* _Exercise_: Return each entry word for word, without its pictures.

* _Data supplied_:
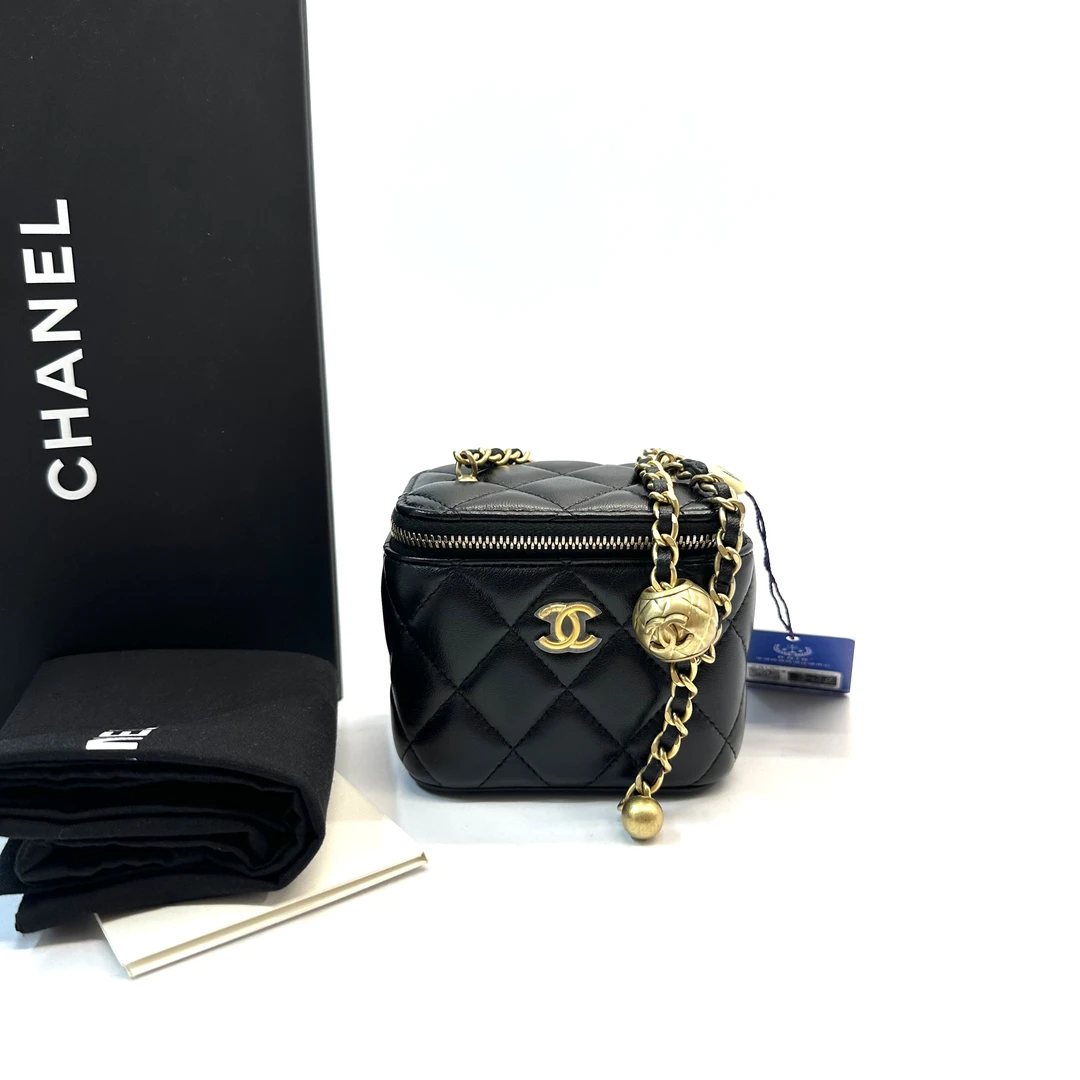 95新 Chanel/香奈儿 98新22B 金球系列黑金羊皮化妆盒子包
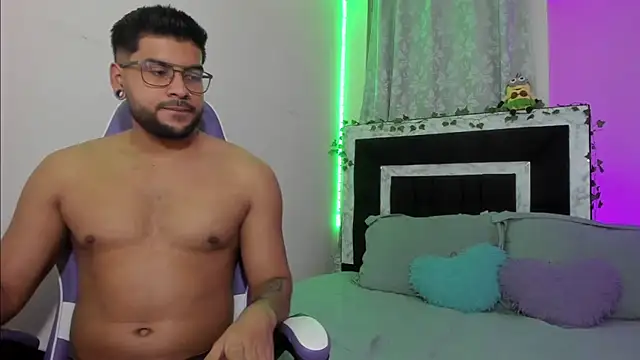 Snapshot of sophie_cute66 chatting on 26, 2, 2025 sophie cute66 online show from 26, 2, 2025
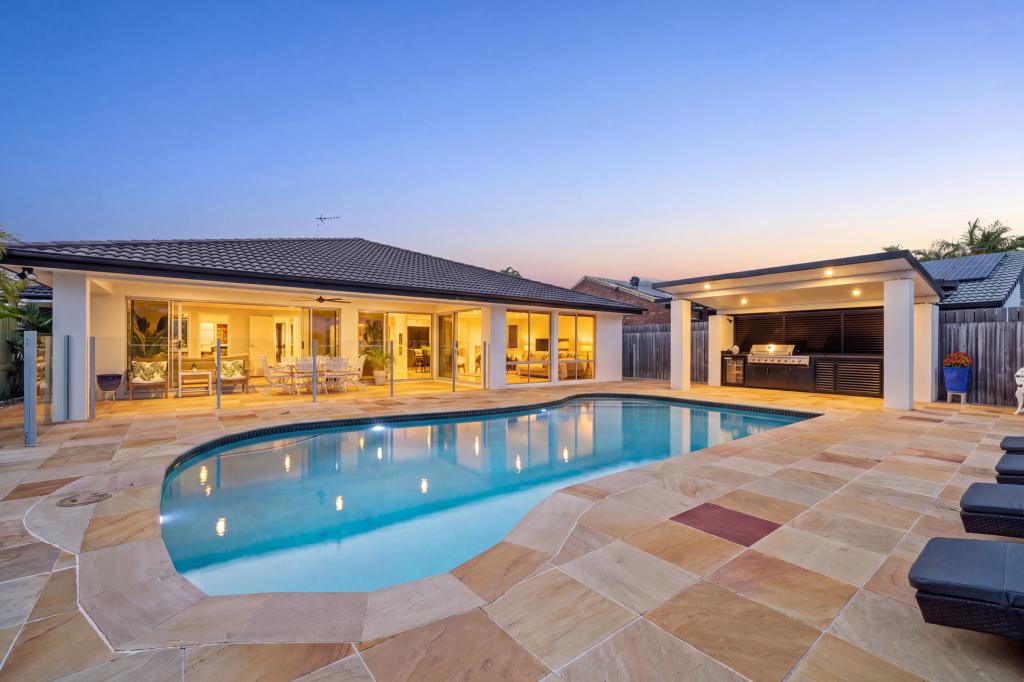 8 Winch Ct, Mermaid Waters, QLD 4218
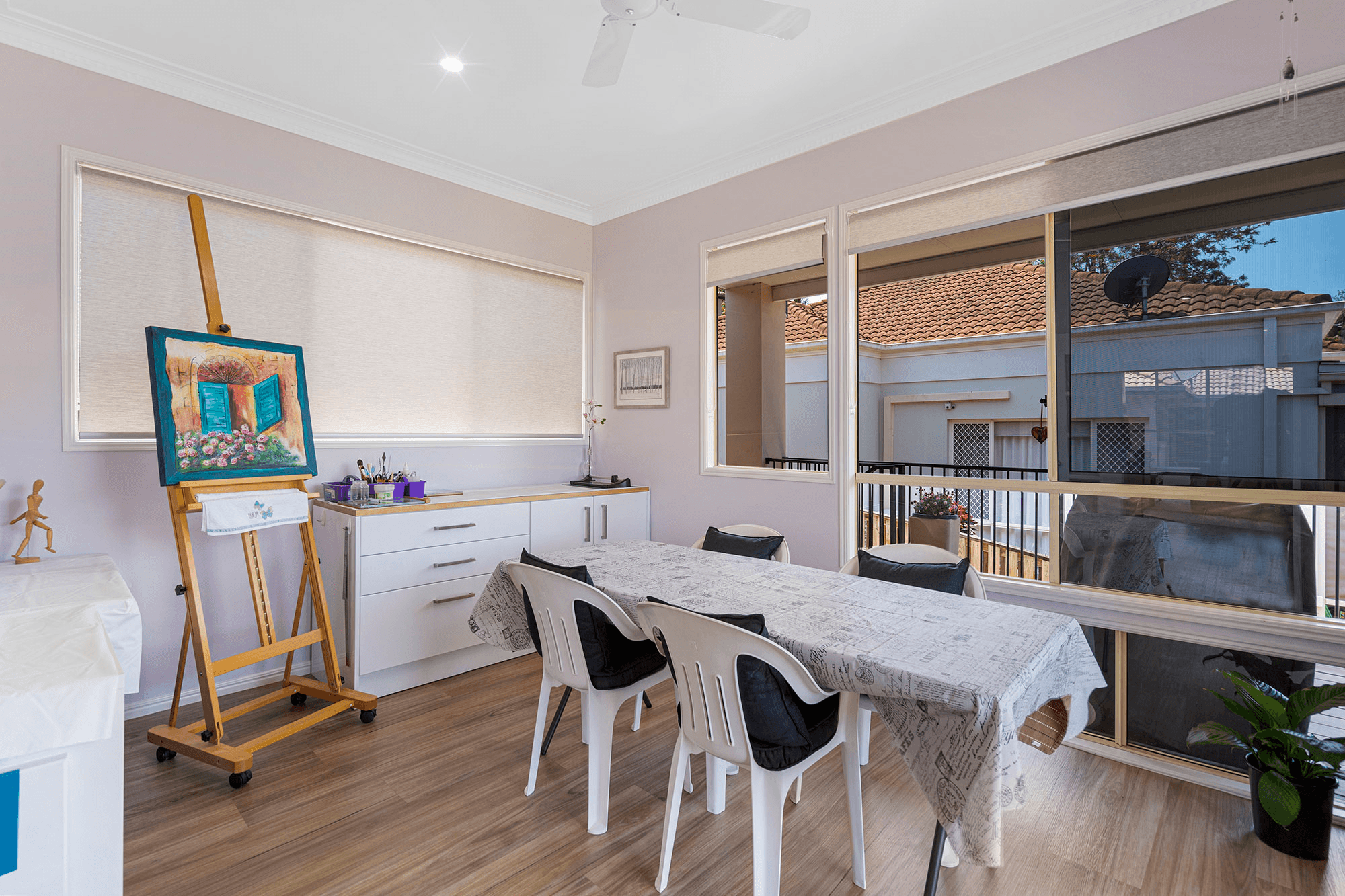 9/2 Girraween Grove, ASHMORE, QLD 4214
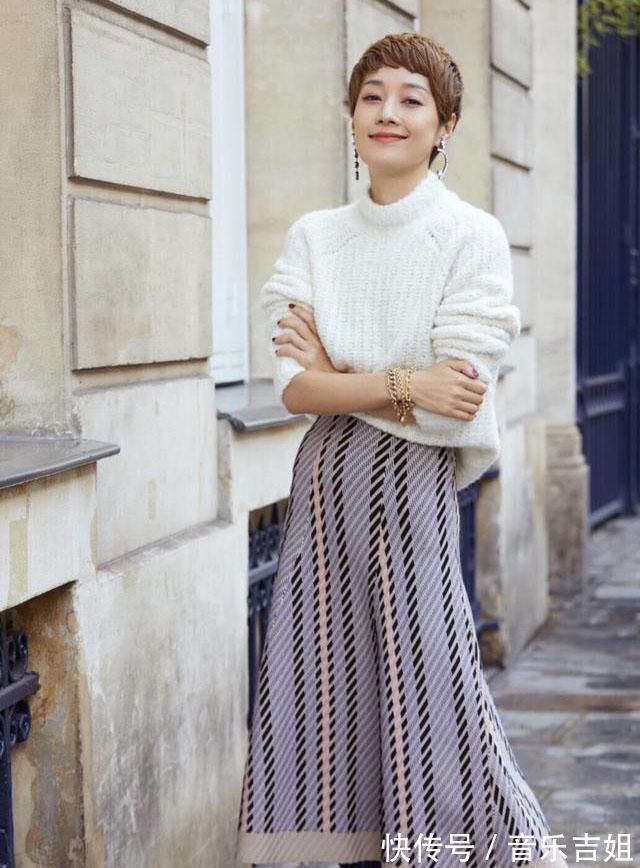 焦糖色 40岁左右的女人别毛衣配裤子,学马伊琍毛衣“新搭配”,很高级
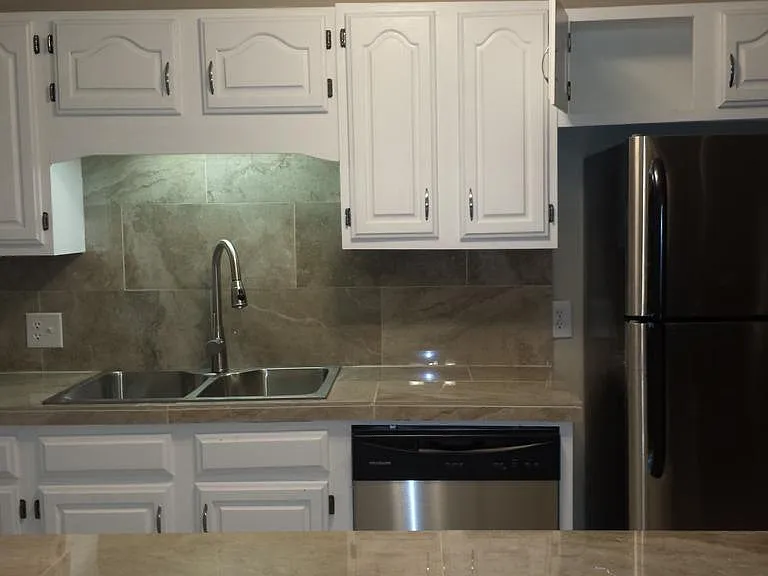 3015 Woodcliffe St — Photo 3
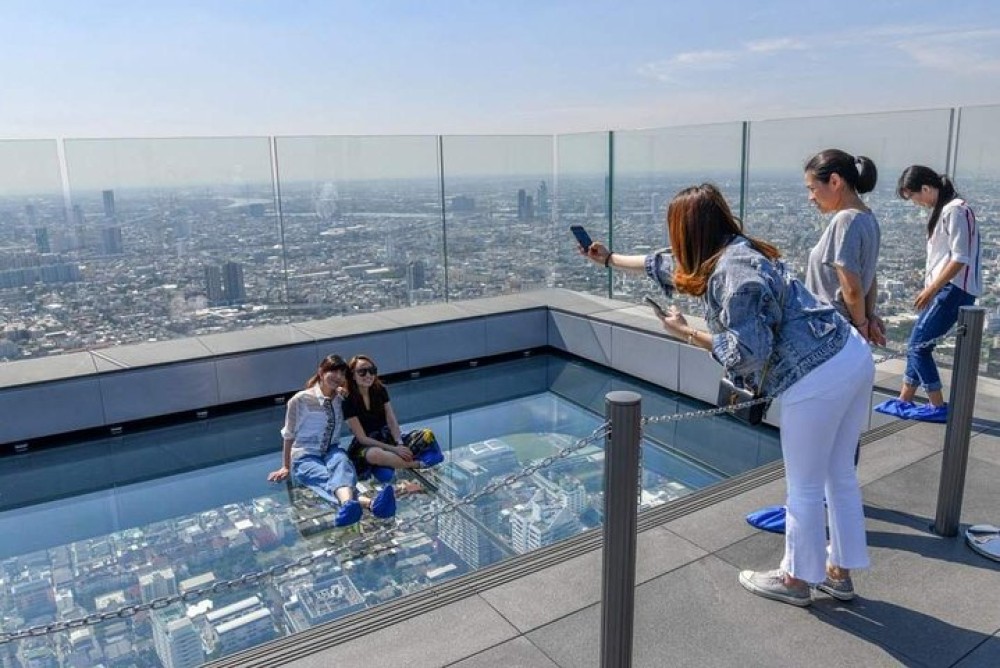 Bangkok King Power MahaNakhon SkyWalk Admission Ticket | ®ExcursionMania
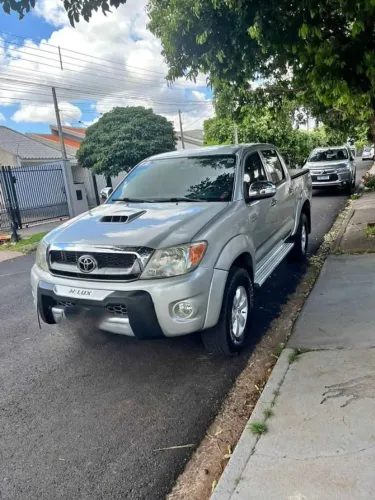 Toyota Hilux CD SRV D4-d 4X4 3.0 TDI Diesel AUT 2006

* _Exercise answer_:
 95新 Chanel/香奈儿 98新22B 金球系列黑金羊皮化妆盒子包
 Snapshot of sophie_cute66 chatting on 26, 2, 2025 sophie cute66 online show from 26, 2, 2025
 8 Winch Ct, Mermaid Waters, QLD 4218
 9/2 Girraween Grove, ASHMORE, QLD 4214
 焦糖色 40岁左右的女人别毛衣配裤子,学马伊琍毛衣“新搭配”,很高级
 3015 Woodcliffe St — Photo 3
 Bangkok King Power MahaNakhon SkyWalk Admission Ticket | ®ExcursionMania
 Toyota Hilux CD SRV D4-d 4X4 3.0 TDI Diesel AUT 2006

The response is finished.